Oil prices retreated to the lowest level in three months on Wednesday after US data showed an unexpected increase in commercial stockpiles of oil and gasoline, reports BSS.
With the latest increases, commercial oil inventories now stand 13.4 percent above year-ago levels, while gasoline stocks are 11.8 percent higher, according to US Department of Energy data.
“Oil is down on the back of very disappointing inventories statistics,” said energy consultant Andy Lipow.
“The market is very concerned we’re going to go through the summer with high gasoline inventories and that’s going to continue to weigh on the market.”
Oil prices hit three-month low as US stockpiles mount
US benchmark West Texas Intermediate for September delivery shed $1.00 to $41.92 a barrel on the New York Mercantile Exchange, the lowest closing price since April. Brent North Sea oil for September delivery shed $1.40 to $43.47 a barrel in London, also the lowest since April.

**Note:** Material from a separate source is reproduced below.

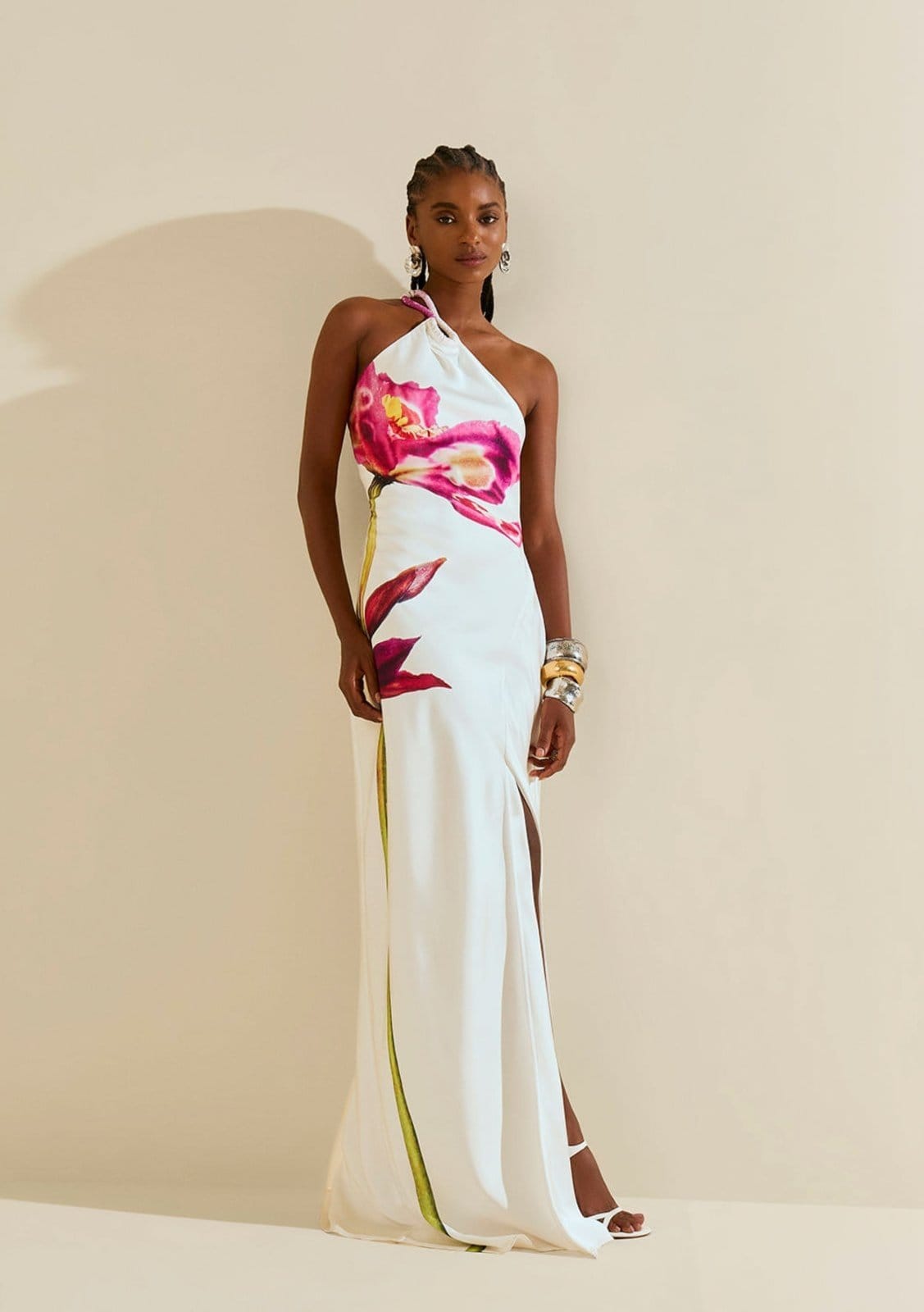 Vestido Morena Rosa Solto Um Ombro Só Sem Manga Longo Estampado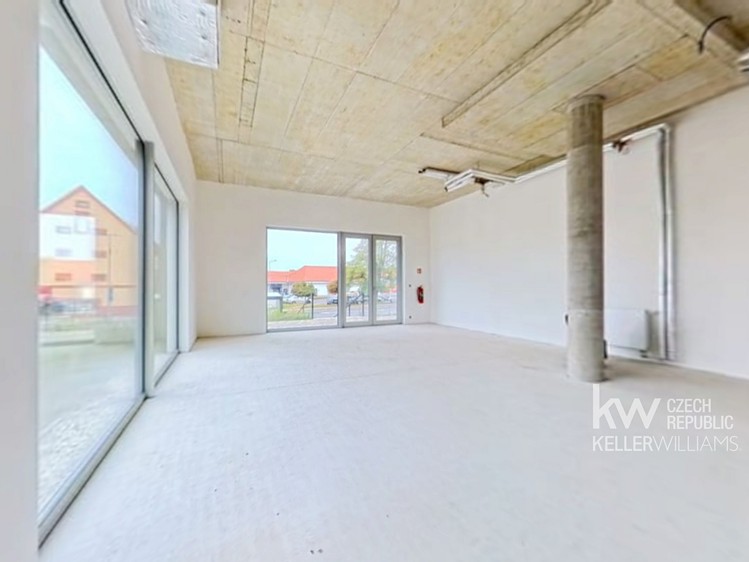 Pronájem komerčního prostoru, 60 m² (2 z 10)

After topping $50 a barrel early last month on the back of output disruptions,crude prices have tumbled about 15 percent as crude and gasoline inventories have mounted in the past two months and gasoline consumption has been lower than some expected.
Wednesday’s data also showed higher supplies at the closely-watched Cushing,Oklahoma oil-trading hub and lower refinery utilization.
“Oil prices were trying to muster a recovery today before another underwhelming weekly inventory report has extinguished the bullish mood,” said Matt Smith of ClipperData.